The getseq function can of course be used on an Atom list, accepts selections as the last argument, as well as the reading and writing functions:
julia> using PDBTools
julia> atoms = read_pdb(PDBTools.SMALLPDB);
julia> getseq(atoms, "residue > 1")
2-element Vector{String}:
"C"
"D"Residue tick labels for plots
The residue_ticks function provides a practical way to define tick labels in plots associated to an amino-acid sequence:
residue_ticks(
atoms (or) residues (or) residue iterator;
first=nothing, last=nothing, stride=1, oneletter=true, serial=false,
)The input structure can be provided as a vector of atoms (type Vector{<:Atom}) a residue iterator (obtained by eachresidue(atoms)) or a vector of residues (obtained by collect(eachresidue(atoms))).

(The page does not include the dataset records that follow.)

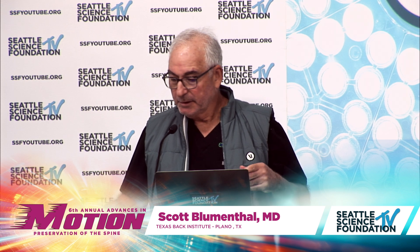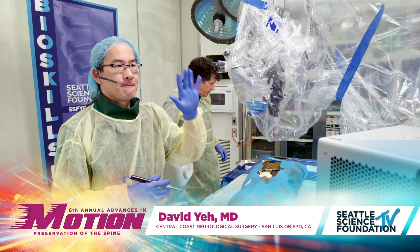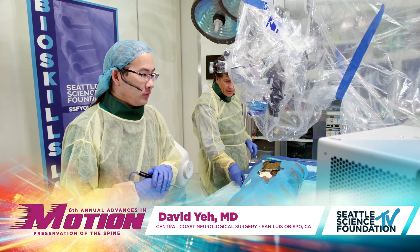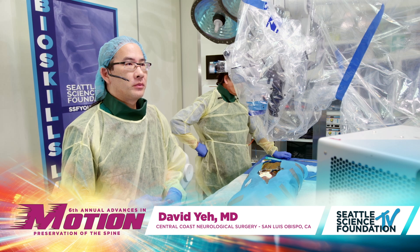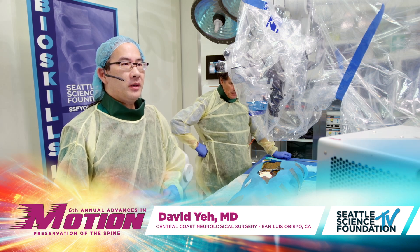We're going to head to the lab now and Dr. Yeh is going to be demonstrating CoFlex. I'm going to give you the mic so that you can explain what you're doing and then you can direct going from the specimen to the C-arm, and we'll moderate any questions that come from the audience.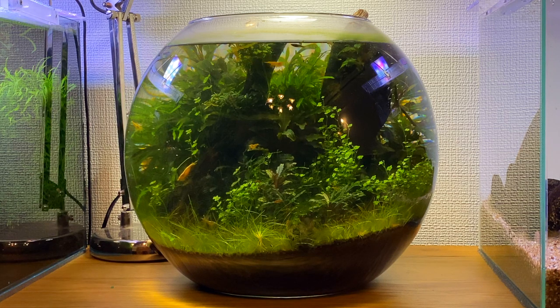All you need is a good substrate and some good lighting. A good amount of maintenance will also keep the setup nice and balanced. Now that I mention maintenance, I think it's time to give this fishbowl a good clean.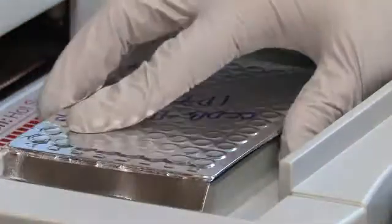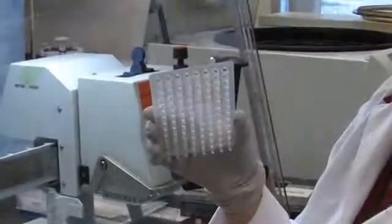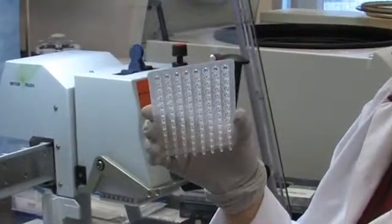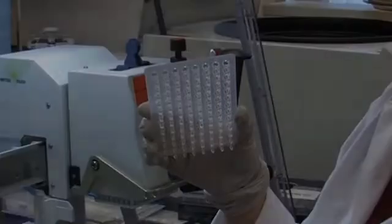Following centrifugation, the plate is placed into the PCR machine for amplification, completing the cycle sequencing PCR setup. This high-success plate processes 90 samples and goes straight into the sequencing reaction.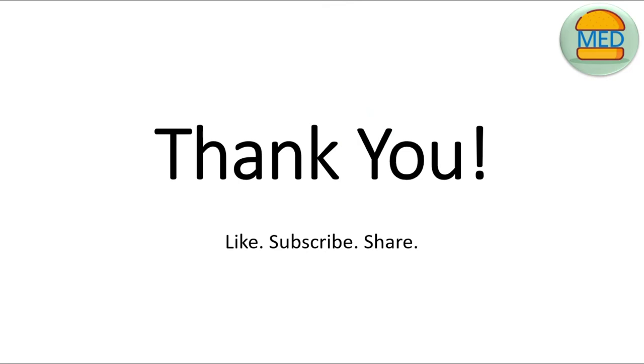That concludes the video. Hope you found it useful. Please feel free to share and subscribe, and if you have any comments, leave them below and we'll get back to you as soon as possible. See you in the next one!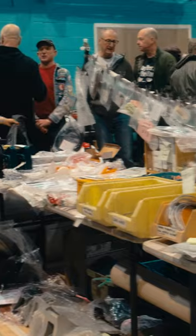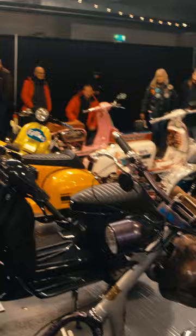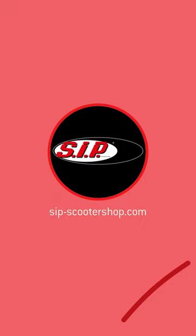Today we are here at the Scooter Custom Show in Southport, UK. It gives everybody the opportunity to buy all the parts that you're going to need to refurbish the bikes over the winter. That's what's special to me.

The function returns a tuple with residue numbers and residue names for the given atoms, to be used as tick labels in plots.
first and last optional keyword parameters are integers that refer to the residue numbers to be included. The stride option can be used to skip residues and declutter the tick labels.
If oneletter is false, three-letter residue codes are returned. Residues with unknown names will be named X or XXX.
If serial=false, the positions of the ticks will be returned as the serial residue index in the structure. If serial=true, the positions of the ticks are returned as their residue numbers. This difference is important if the residue numbers do not start at 1, and depending on the indexing of the data to be plotted.
PDBTools.residue_ticks — Function
residue_ticks(
atoms (or) residues (or) residue iterator;
first=nothing, last=nothing, stride=1, oneletter=true, serial=false
)Returns a tuple with residue numbers and residue names for the given atoms, to be used as tick labels in plots.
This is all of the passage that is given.